The semiconductor sector contributes 17% to South Korea’s exports, and the country has emerged as a significant beneficiary of the AI boom, with exports having risen over 50% year-on-year. Analysts believe that South Korea’s substantial investment in AI research and development, along with a growing number of AI-related patents, will bolster its position in AI adoption in the long run.

However, the analysts cautioned that escalating geopolitical tensions could impact the semiconductor supply chain, particularly due to the ongoing discord between the U.S. and China. Despite South Korea’s attempts to diversify its chip exports beyond China, over 30% of its semiconductor exports in 2023 were still directed towards China and Hong Kong, with a similar proportion going to the U.S.

Analysts warned that if geopolitical relations deteriorate and the U.S. enacts further trade restrictions on advanced or AI-related chip exports to China, it could severely affect South Korea’s memory semiconductor exports.

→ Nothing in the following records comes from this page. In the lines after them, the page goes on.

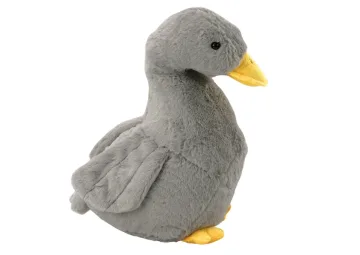 Pliušinė žąsis 40cm, pilka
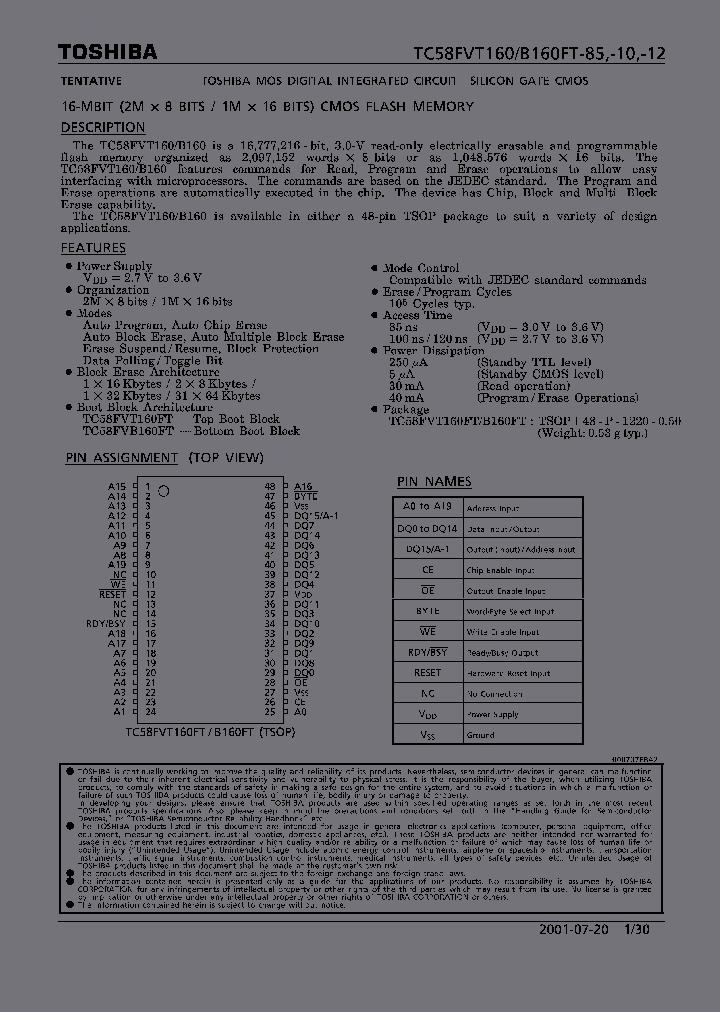 TC58FVB160FT-85_1974576.PDF Datasheet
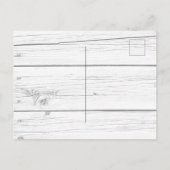 ブライダルシャワーヒマワリ木材金ゴールド幾何学模様 ポストカード (裏面)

Additionally, South Korean chip manufacturers rely on China for essential chipmaking components and equipment, meaning any disruption in this supply chain could hinder the ability of South Korean companies to acquire the necessary tools for chip production.

The U.S. has reportedly asked South Korea to limit exports of equipment and technology needed to produce memory and advanced logic chips to China. South Korean officials are evaluating this request in light of potential impacts on major firms like Samsung and SK Hynix, which have operations in China, its largest trading partner.

At the same time, the Biden administration is reportedly considering imposing export controls known as the foreign direct product rule on allies that continue to sell chipmaking tools to China. This rule would prevent any goods from being exported if they are produced using a certain percentage of U.S. intellectual property components.